Data –
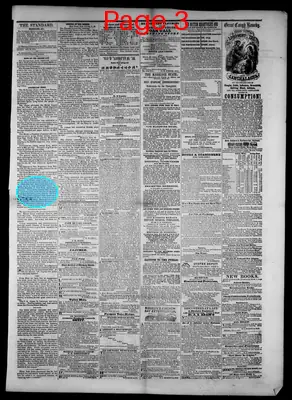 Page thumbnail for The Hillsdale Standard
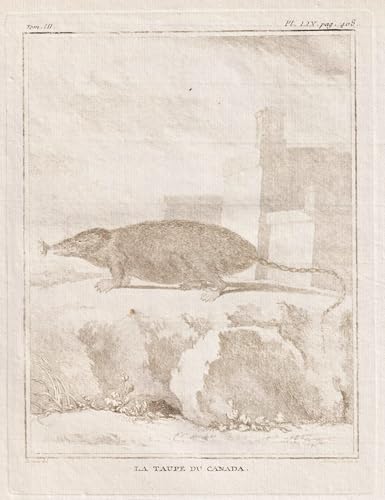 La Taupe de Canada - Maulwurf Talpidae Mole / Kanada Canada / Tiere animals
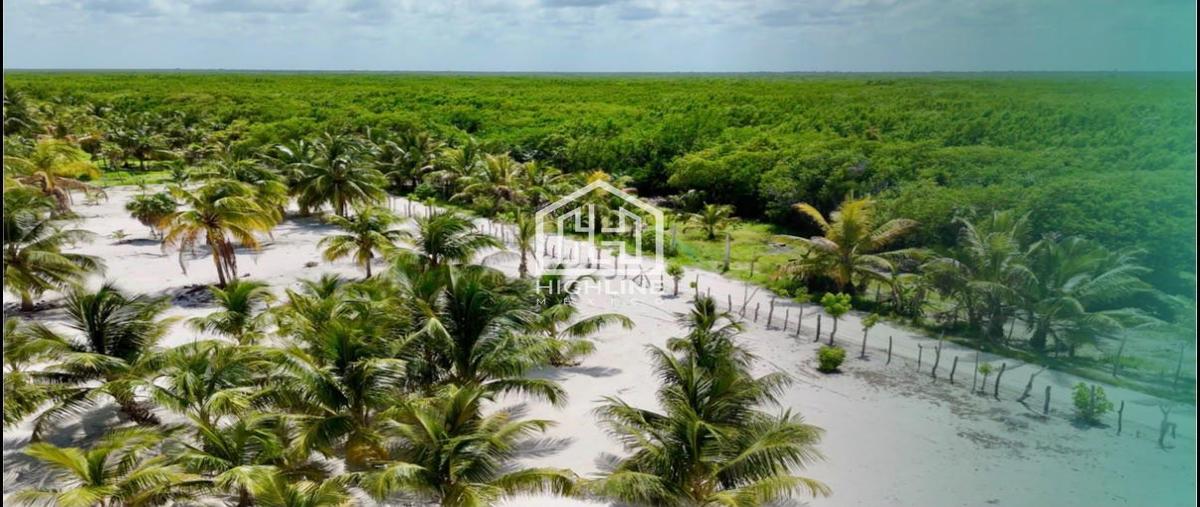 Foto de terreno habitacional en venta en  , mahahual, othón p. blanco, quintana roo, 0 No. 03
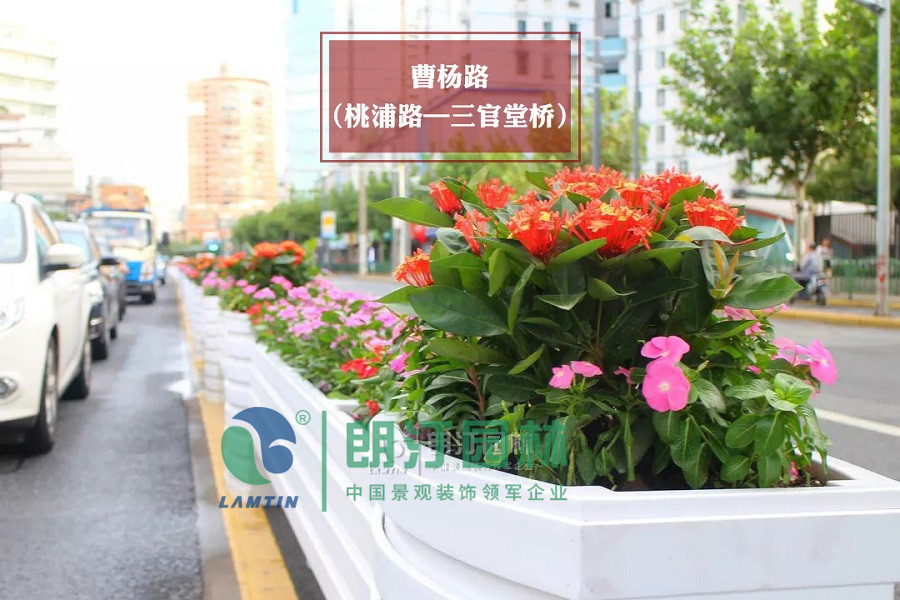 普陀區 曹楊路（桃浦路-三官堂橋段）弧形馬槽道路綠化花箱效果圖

Exercise requirements – Would you copy each line above exactly as given, dropping any images?

Problem solution –
 Page thumbnail for The Hillsdale Standard
 La Taupe de Canada - Maulwurf Talpidae Mole / Kanada Canada / Tiere animals
 Foto de terreno habitacional en venta en  , mahahual, othón p. blanco, quintana roo, 0 No. 03
 普陀區 曹楊路（桃浦路-三官堂橋段）弧形馬槽道路綠化花箱效果圖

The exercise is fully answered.